Despite a wealth of information obtained by comparative genomics (Green et al., 2010; McLean et al., 2011; Pollard et al., 2006; Prabhakar et al., 2006; Zhu et al., 2007), it remains extremely difficult to link any of the millions of genomic changes with the many interesting and important phenotypic differences found between even closely related species (Cheng et al., 2005; Varki and Altheide, 2005). To overcome this difficulty, we devise a method that takes advantage of parallel evolution of phenotypic traits across a larger phylogeny. Extant species that preserve an ancestral trait should also conserve the ancestral genes or – more general, genomic regions – underlying this trait due to purifying selection (Figure 1A). In contrast, in species that lose this trait, non-pleiotropic genomic regions necessary only for the lost trait should switch to evolve neutrally following the phenotypic loss. If sufficient evolutionary time has passed since trait loss, relaxed selection will erode these DNA sequences in trait-loss lineages, resulting in elevated divergence from the ancestral sequence or even complete loss. If trait loss happens in independent lineages, these regions should specifically diverge in exactly those lineages over time, regardless of whether the initial inactivating mutations leading to trait loss are identical in the independent lineages (Figure 1, and exemplified below). Thus, independent trait loss should give a unique evolutionary sequence divergence signature that violates the expected evolutionary pattern multiple times.

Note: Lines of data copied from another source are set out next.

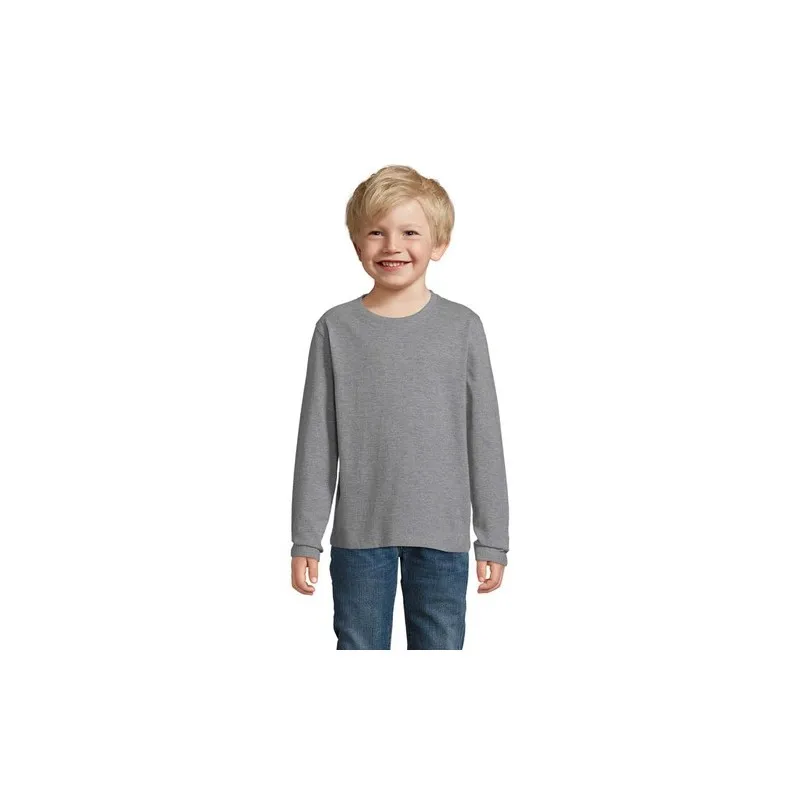 T-shirt Écologique et Confortable 190g pour Enfant - IMPERIAL LSL Matières : coton biologique Taille textile : XL Couleurs : ver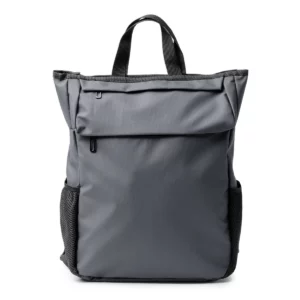 Mochila con doble bolsillo Stamina Seidel 1777, gris, vista frontal de la mochila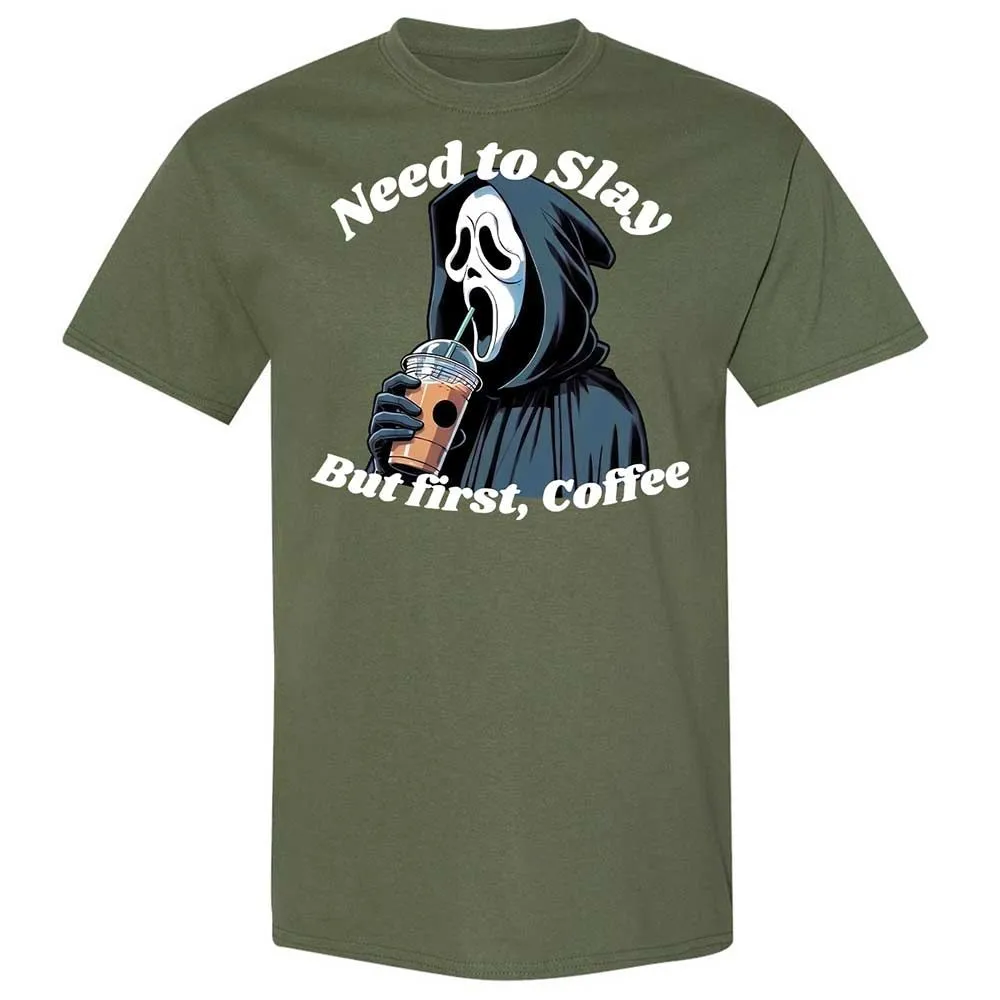 But first, Coffee - Military Green - 9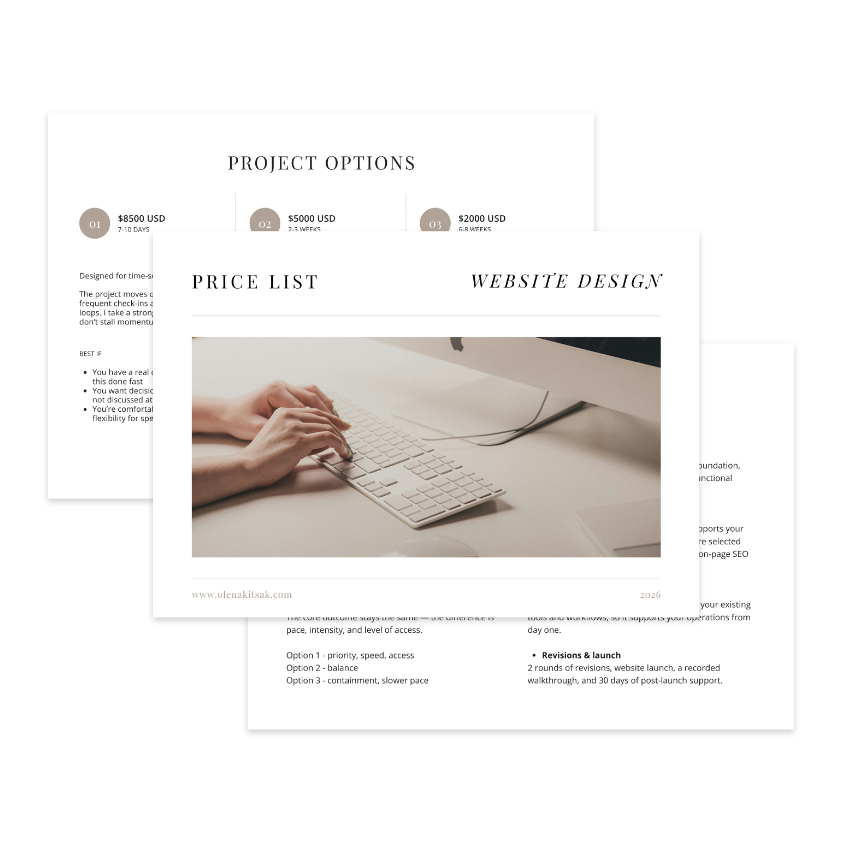 Cover image of a Price List document with a few inner pages.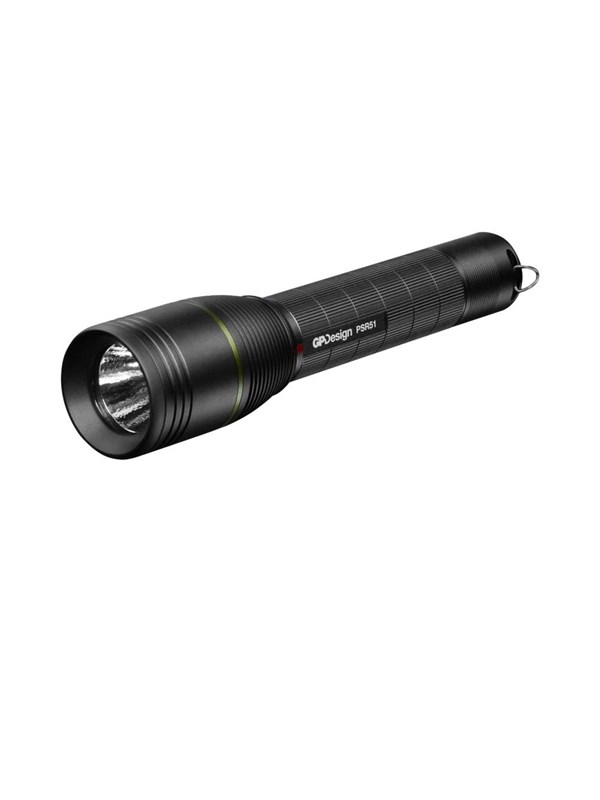 GP Design PSR51 uppladdningsbar ficklampa, 470lm, svart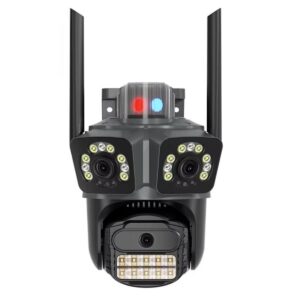 alkese 6mp 3 kamerali ptz wifi kamera 4k diŞ cephe alarmli kablosuz gÜvenlİk kamerasi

Together with approaches such as genome-wide association studies (GWAS), our strategy is conceptually similar to forward genetics, where one starts with a given phenotype and seeks the underlying mutation. We call this family of approaches “forward genomics”. With two examples and simulation studies, we show that – given a specific independently lost phenotype – a cross-species genomic screen for genes and genomic regions with this specific signature can highlight functional components of the genetic information for this trait.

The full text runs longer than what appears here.